After having read Sapiens and Homo Deus, I was quite keen to see the melding of an historians viewpoint and this moment in history that we find ourselves in with the rise of AI.
Harari has pointed out in his earlier works that the capability that marks the rise of our species is the telling of stories. The capability to hold in the minds of many, the same narrative that explains your current circumstance and gives a guide on how to act.
He slightly reframes this observation in Nexus to cast the story as information and the institution that that curates it as an information network.
I like the fact that he points out that the study of history is not the study of what happened, but the study of change and therefore gives the historian a seat at the table with the futurists.
The book examines the struggles of these information network institutions, to maintain order through information flows. He makes clear the difference between information and truth. He examines the tension in how you organize information flows between distributed (democratic) information flows and centralized (authoritarian) information flows.
The book examines the changes in the information flows when some of the stories are created by non human intelligences, and warns that we have to be very deliberate as our culture is first aped and then maybe lead by an alien intelligence.
I found it a very valid contribution to the public discussion on AI. It does not attempt to explain technical details of AI. It does make lots of parallels to human organization problems down the ages and how information flows caused them or relieved them. I very much like the fact that Harari does not try and conflate consciousness and intelligence, and makes it clear that something can be trying to appear conscious without being conscious.
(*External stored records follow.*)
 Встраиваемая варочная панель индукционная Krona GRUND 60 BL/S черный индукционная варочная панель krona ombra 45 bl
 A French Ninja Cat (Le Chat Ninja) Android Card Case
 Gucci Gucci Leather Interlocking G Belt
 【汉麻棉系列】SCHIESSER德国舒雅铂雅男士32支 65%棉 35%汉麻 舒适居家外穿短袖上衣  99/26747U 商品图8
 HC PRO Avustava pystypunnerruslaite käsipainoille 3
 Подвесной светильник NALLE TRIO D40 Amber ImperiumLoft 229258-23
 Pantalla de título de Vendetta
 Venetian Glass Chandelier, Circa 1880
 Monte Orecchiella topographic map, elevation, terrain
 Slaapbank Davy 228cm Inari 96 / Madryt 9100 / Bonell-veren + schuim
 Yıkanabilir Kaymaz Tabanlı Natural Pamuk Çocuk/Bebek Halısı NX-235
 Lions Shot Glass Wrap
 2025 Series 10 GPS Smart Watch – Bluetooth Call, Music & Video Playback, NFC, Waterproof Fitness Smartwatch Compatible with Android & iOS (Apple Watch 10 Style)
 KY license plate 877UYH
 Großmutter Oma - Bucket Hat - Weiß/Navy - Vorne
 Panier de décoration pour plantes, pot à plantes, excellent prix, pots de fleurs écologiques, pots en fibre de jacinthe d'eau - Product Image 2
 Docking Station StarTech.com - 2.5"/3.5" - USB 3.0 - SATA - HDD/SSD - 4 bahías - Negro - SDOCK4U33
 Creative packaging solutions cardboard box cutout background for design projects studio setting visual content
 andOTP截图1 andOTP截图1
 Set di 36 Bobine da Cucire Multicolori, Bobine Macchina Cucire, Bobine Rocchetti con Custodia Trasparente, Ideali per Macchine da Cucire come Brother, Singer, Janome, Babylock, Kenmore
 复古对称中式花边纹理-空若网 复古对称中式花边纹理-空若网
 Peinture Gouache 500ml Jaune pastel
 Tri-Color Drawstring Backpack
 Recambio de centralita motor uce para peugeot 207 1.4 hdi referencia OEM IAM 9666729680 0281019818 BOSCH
I think he fell short of examining human organization as an information system in and of itself. While we may find the stories and objectives that an alien intelligence adopts strange, I think we also find the myths, stories and objectives from one age to another are hard to fathom. For example, the tiny Micronesian island of Yap stores its wealth in immobile carved stones. We might find how they ascribe value hard to understand, and they would presumably find a defined benefit pension hard to understand.